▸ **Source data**
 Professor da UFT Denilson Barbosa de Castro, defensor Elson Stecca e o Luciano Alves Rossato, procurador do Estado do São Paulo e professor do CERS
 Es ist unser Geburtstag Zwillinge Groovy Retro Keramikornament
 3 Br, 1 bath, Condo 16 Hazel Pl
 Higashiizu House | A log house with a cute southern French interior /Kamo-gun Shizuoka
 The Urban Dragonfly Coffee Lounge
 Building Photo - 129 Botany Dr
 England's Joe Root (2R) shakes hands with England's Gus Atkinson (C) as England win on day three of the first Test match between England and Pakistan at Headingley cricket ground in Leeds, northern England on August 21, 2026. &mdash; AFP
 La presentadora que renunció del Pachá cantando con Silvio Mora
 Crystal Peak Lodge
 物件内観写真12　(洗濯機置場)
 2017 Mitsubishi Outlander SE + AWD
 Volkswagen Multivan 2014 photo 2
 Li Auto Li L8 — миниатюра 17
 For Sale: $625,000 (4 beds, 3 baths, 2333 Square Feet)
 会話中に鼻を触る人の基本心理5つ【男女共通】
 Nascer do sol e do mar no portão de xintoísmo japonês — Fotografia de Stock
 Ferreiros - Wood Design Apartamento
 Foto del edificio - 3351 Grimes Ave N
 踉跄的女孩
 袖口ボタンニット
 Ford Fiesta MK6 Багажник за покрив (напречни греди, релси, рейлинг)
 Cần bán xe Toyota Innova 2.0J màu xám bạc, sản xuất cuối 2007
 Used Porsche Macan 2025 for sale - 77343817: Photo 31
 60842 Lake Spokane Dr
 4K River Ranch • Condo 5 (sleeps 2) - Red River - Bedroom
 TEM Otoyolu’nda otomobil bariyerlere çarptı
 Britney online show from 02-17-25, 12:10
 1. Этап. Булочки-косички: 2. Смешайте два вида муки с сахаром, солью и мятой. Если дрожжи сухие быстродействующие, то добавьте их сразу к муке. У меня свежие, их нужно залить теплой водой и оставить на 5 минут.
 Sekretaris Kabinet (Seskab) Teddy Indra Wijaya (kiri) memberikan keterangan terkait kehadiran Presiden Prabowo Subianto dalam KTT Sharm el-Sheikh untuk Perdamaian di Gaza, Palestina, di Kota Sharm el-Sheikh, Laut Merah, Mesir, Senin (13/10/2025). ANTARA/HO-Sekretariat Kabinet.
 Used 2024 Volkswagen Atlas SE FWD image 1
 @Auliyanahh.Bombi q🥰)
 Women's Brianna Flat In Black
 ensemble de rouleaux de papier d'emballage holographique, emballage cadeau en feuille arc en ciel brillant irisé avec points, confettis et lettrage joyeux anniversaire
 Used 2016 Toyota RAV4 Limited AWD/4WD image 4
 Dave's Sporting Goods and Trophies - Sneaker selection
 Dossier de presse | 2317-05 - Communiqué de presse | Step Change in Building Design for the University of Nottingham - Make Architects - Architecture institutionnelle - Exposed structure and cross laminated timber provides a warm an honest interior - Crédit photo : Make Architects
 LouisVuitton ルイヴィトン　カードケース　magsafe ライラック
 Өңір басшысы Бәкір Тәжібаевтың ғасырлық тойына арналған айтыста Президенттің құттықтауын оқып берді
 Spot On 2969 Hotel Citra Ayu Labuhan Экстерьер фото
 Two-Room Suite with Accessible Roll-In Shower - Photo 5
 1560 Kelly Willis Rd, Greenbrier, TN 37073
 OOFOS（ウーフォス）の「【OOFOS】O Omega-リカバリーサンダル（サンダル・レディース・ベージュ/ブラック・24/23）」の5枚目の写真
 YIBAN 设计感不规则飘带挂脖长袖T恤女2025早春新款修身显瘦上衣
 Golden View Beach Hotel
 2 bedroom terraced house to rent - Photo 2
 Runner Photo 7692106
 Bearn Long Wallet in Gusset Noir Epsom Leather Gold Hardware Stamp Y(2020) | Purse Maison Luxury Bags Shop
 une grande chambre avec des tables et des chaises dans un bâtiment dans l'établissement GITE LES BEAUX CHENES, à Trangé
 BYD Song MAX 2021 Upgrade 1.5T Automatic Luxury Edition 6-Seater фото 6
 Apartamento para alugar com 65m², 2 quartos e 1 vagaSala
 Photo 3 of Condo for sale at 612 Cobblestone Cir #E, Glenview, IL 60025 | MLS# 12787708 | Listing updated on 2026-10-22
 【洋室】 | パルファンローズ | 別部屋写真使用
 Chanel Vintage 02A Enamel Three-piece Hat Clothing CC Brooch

▸ **What to work on**
Leave out every line above except those from the line with "会話中に鼻を触る人の基本心理5つ【男女共通】" up to and including the line with "1. Этап. Булочки-косички: 2.", and copy those exactly.

▸ **Answer to the problem**
 会話中に鼻を触る人の基本心理5つ【男女共通】
 Nascer do sol e do mar no portão de xintoísmo japonês — Fotografia de Stock
 Ferreiros - Wood Design Apartamento
 Foto del edificio - 3351 Grimes Ave N
 踉跄的女孩
 袖口ボタンニット
 Ford Fiesta MK6 Багажник за покрив (напречни греди, релси, рейлинг)
 Cần bán xe Toyota Innova 2.0J màu xám bạc, sản xuất cuối 2007
 Used Porsche Macan 2025 for sale - 77343817: Photo 31
 60842 Lake Spokane Dr
 4K River Ranch • Condo 5 (sleeps 2) - Red River - Bedroom
 TEM Otoyolu’nda otomobil bariyerlere çarptı
 Britney online show from 02-17-25, 12:10
 1. Этап. Булочки-косички: 2. Смешайте два вида муки с сахаром, солью и мятой. Если дрожжи сухие быстродействующие, то добавьте их сразу к муке. У меня свежие, их нужно залить теплой водой и оставить на 5 минут.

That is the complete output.